# Meadowlands Shadiness



## 480sparky (Sep 20, 2007)

Yeah, it's pretty obvious that tent is unsafe.


----------



## william1978 (Sep 21, 2008)

Why didn't you go ahead and make the joints for them?


----------



## mattsilkwood (Sep 21, 2008)

You wouldn't believe how many times I've seen this.


----------



## MF Dagger (Dec 24, 2007)

I see it all the time around here. I think people steal the covers and sell them for scrap. I've also seen quite a few bare copper wires cut off about 8 feet up the power poles. I heard kids in the East Bay will tap into light poles and steal power to have outdoor concerts sometimes.


----------



## BuzzKill (Oct 27, 2008)

MF Dagger said:


> I heard kids in the East Bay will tap into light poles and steal power to have outdoor concerts sometimes.


 Awesome! Damn teenagers and their punk rock music! lol:laughing:


----------



## BuzzKill (Oct 27, 2008)

Magnettica said:


> Saw this the other day walking outside Jets stadium after a sound victory over the Carolina Kittens.


Ahh, Delhomme gave you what, 4 turnovers and you got maybe 14 out of it? Pfffft! Wait till we get up there with our backup qb!!


----------



## william1978 (Sep 21, 2008)

BuzzKill said:


> Ahh, Delhomme gave you what, 4 turnovers and you got maybe 14 out of it?

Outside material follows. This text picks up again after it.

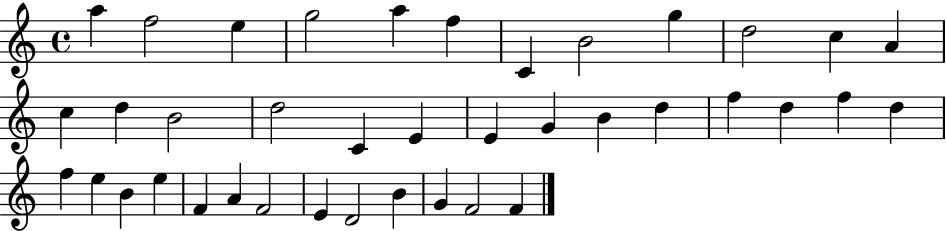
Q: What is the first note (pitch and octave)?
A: A5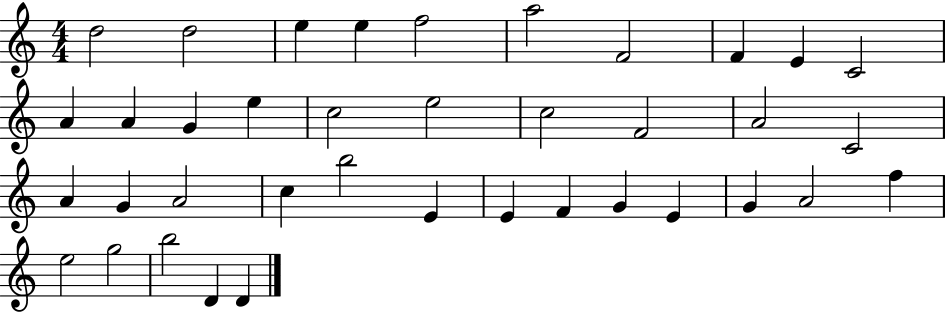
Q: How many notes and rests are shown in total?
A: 38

 There are people around Charlotte that want Jake Delhomme dead because he sucks so bad.


----------



## Magnettica (Jan 23, 2007)

The lighting appears to have been a part of a new lighting circuit as part of the new stadium. The old stadium will come down soon after the new one opens up next May. 

5-6 Jets..... hey they do what they gotta do, least they didn't lose. They're on Nat'l television this Thursday vs Buffalo from Skydome in Toronto.


----------